I gunned it again, switching to four-wheel drive so the truck could climb the piles of debris that blocked our path. Eventually we sped over the low mountains separating Jizzakh and Samarkand, and breathed more easily when the shelling fell behind us.
The rest of the drive was easier. We dropped the wounded off and turned to head back, but as soon as we got to the mountains again, I stopped and looked at the kid.
“You ready for this?”
“No.”
“I’m going to go as fast as I can, now that we don’t have wounded. Hold on.”
“I don’t want to go.”
The truck whined over the mountain pass and back into the ruins, where Popov had been waiting. We saw the flash of guns in the distance and watched with horror as the shells streaked across the sky, toward us, almost as if they came straight for my face.
“It was better in the other direction,” I said.
“Why?”
“You couldn’t see the firing then.”
“Only the ones that hit us are the bad ones.”
Despite the plasma, we made it back to the tunnel, and I backed into our slot, shutting down the engine and waiting for someone to fill the tank again. The kid popped his lid and grinned.
“That was really awful driving.”
I was happy—a twisted kind of re-verification that sanity had long since left me behind. Maybe the happiness came from a combination of having something useful to do during lulls in the shelling, and being grateful when shells did fall, because that meant we’d get to stay safe in the hangar, where every once in a while the Brit would pay us a visit. Sure, we were under attack, but this wasn’t Almaty and everyone sensed that the war was almost over. It was as if when we popped our heads from the truck, we could smell the ocean at Bandar. We talked about little else. The main focus was just to stay alive, because as soon as we got the word, everyone would head southwest and back home for good, and nobody wanted to buy it just before shipping out.
And French meal pouches helped. I had forgotten about Ox and his first experience with Legion food until I opened one in the truck, tasting wine-poached salmon as if it was my first time, and was barely able to stop grinning. One day the Brit came to deliver a fresh set of meals as the plasma rounds shook the rocks above, and he forced the kid to slide over so that the three of us scrunched together.
“Vodka,” he said, and produced a bottle from his pouch.
“For real?” the kid asked. “Where’d you get it?”
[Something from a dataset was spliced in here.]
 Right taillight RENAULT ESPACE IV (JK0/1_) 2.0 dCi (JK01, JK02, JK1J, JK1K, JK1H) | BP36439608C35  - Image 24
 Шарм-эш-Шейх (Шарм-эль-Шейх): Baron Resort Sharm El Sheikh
“Stole it from one of our supply shites. We better drink it quick before he notices. The sooner we destroy the evidence, the better, because the Legion isn’t nice to thieves.”
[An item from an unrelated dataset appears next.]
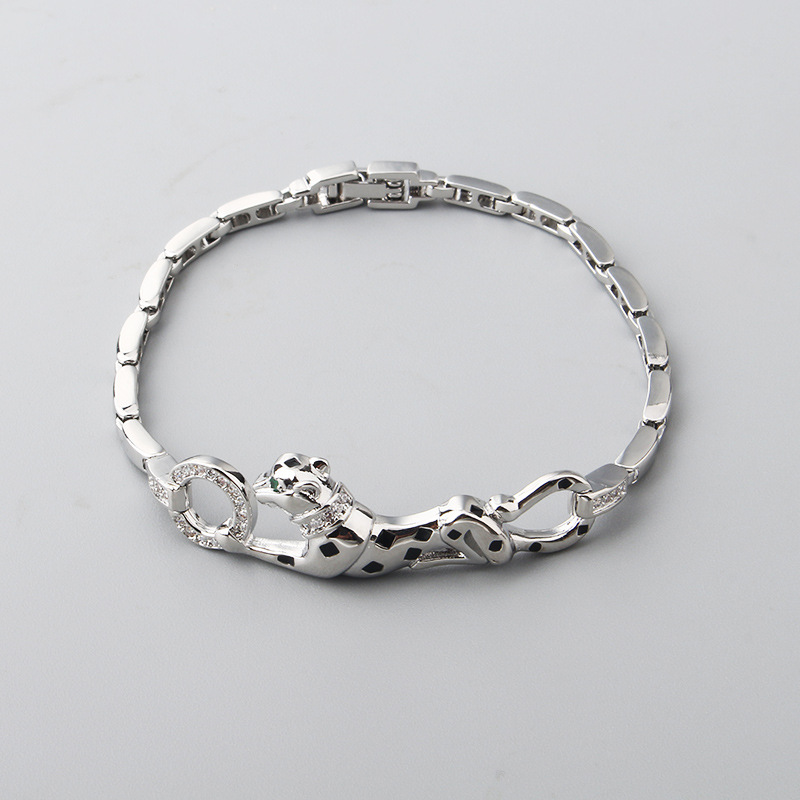 Platinum bracelet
He offered it to me and I waved it away. Something told me it would be a bad idea, not because I was driving but because I’d come to like thinking clearly and wondered if drinking would be another easy escape that would land me in madness. My new mind was better than the old one, cleaner, but I distrusted it and got the sense that it couldn’t handle things the way it used to.
“No thanks,” I said. “Not a drinker.”
“Great! More for us.”
I mostly listened, sometimes joining the conversation, but it was more fun to observe, and watching the kid made me glad to see him get wasted. He spoke of Athens, Georgia, in the summertime, and the heat, how it melted the asphalt and made you almost appreciate Uzbekistan, but at the same time his stories made his hometown come to life because of the kudzu and cicadas. I’d never seen a cicada, but I missed the things. And the way he described them would have normally made me sick, but this was different; this was a description of something alive, an insect that despite its ugliness was beautiful compared to the tunnels and ruin, and you knew from listening that the kid had it right, had it all. His sixteenth birthday had gone unnoticed. The kid had kept it quiet and hadn’t told even me, but I promised that I’d get him something if we ever made it to Bandar.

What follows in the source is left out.